A mortgage conveys an interest in real property as security. Lenders often require borrowers to maintain hazard insurance that protects the property. If the borrower fails to maintain adequate coverage, the lender may buy the insurance and force the borrower to cover the cost (force-placed coverage). States generally require insurers to file their rates with an administrative agency and may not charge rates other than the filed rates. The filed-rate is unassailable in judicial proceedings even if the insurance company defrauded an administrative agency to obtain approval of the rate.

Borrowers alleged that their lender, Nationstar, colluded with an insurance company, Great American, and an insurance agent, Willis. Great American allegedly inflated the filed rate filed so it and Willis could return a portion of the profits to Nationstar to induce Nationstar’s continued business.

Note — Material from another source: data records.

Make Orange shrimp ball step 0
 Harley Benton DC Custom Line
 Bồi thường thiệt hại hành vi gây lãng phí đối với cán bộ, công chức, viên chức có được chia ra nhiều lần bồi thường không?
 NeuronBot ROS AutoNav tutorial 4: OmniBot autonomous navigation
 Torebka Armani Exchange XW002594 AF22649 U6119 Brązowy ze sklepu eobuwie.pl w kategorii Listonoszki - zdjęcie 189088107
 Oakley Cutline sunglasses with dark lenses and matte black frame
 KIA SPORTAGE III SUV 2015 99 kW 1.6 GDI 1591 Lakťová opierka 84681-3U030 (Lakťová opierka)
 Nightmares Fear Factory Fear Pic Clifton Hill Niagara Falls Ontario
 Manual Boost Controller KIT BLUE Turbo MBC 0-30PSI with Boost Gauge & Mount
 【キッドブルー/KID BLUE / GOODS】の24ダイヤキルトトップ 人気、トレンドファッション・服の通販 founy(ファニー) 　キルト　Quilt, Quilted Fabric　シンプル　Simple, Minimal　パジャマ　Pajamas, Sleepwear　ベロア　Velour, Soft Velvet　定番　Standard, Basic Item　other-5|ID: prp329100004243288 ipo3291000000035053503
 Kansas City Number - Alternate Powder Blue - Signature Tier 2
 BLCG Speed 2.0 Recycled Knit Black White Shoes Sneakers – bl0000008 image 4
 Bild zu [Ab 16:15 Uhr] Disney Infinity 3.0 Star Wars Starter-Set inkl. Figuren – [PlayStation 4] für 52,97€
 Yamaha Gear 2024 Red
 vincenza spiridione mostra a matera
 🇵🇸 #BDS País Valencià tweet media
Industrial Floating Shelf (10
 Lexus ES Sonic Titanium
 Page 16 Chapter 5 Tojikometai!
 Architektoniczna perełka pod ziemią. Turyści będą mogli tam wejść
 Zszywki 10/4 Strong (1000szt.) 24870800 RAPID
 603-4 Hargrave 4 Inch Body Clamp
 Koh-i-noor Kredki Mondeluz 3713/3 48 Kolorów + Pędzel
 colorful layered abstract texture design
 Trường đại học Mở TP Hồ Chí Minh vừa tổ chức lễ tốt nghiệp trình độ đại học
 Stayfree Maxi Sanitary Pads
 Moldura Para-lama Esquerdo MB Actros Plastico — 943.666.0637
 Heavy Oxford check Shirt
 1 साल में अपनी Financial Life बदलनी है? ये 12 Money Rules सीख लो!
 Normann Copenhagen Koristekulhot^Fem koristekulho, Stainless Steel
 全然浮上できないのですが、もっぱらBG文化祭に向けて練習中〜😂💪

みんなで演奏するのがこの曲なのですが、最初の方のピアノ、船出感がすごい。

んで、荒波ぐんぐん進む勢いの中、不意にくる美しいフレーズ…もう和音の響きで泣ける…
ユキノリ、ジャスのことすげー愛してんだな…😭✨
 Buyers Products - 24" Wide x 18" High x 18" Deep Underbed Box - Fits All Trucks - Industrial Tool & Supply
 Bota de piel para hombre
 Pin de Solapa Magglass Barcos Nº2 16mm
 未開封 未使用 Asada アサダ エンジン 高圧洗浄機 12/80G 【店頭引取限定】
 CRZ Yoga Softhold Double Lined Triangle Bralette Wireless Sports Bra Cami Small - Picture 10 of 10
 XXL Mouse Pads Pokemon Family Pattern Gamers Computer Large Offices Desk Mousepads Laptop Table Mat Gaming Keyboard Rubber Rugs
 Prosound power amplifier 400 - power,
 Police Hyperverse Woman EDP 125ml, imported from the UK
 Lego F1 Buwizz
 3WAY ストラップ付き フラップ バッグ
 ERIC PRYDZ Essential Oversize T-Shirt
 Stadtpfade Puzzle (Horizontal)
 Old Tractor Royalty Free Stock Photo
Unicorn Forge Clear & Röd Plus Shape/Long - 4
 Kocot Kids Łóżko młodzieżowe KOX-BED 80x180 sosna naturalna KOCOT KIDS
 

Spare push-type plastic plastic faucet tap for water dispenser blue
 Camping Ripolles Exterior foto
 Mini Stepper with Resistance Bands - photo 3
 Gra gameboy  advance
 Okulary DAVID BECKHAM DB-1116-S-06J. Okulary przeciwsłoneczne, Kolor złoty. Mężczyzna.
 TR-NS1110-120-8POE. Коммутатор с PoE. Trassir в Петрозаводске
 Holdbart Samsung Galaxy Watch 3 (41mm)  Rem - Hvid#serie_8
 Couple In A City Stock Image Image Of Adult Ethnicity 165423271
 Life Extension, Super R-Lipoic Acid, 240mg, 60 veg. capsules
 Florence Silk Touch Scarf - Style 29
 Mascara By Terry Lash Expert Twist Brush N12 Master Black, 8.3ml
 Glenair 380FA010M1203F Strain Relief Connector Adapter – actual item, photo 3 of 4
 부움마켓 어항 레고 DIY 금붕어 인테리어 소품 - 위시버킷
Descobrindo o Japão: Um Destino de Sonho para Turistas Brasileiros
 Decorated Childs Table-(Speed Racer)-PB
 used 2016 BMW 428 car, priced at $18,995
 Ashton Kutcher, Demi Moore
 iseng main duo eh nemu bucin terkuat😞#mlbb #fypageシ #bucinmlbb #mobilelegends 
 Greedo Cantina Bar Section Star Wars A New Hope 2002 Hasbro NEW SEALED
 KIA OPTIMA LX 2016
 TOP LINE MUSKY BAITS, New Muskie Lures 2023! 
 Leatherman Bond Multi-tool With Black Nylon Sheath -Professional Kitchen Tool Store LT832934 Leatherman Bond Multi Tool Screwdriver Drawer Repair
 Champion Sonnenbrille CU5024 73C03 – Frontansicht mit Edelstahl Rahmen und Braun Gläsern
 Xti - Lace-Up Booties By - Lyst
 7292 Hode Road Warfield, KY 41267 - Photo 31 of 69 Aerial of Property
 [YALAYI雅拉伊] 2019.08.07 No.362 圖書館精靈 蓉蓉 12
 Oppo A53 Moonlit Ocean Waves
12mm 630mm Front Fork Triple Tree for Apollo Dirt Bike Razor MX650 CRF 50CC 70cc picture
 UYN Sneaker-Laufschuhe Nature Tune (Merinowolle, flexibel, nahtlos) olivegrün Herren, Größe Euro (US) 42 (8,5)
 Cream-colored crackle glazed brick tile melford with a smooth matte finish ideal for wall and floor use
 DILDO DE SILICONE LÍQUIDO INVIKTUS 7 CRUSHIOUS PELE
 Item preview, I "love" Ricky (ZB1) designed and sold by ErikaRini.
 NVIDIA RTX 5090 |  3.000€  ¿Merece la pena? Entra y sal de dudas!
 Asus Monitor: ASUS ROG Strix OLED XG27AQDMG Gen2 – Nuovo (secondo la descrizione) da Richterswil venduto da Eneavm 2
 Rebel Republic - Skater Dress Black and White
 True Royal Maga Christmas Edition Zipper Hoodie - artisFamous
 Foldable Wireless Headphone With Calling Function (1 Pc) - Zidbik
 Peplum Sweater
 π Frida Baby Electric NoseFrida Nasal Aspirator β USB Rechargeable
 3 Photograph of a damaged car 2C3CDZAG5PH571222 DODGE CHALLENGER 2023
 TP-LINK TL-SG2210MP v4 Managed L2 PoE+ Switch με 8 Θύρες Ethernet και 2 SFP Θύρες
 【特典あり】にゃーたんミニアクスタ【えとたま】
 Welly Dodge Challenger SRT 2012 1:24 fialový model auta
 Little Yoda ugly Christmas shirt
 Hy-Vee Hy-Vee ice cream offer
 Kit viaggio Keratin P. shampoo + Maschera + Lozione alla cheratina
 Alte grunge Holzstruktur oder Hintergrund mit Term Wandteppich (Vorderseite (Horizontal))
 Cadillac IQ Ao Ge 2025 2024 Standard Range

The borrowers paid the filed rate but claimed that the practice violated their mortgages, New Jersey law concerning unjust enrichment, the implied covenant of good faith and fair dealing, and tortious interference with business relationships; the New Jersey Consumer Fraud Act; the Truth in Lending Act, 15 U.S.C. 1601–1665; and RICO, 18 U.S.C. 1961–1968.

The Third Circuit affirmed the dismissal of the suit. Once an insurance rate is filed with the appropriate regulatory body, courts have no ability to effectively reduce it by awarding damages for alleged overcharges: the filed-rate doctrine prevents courts from deciding whether the rate is unreasonable or fraudulently inflated.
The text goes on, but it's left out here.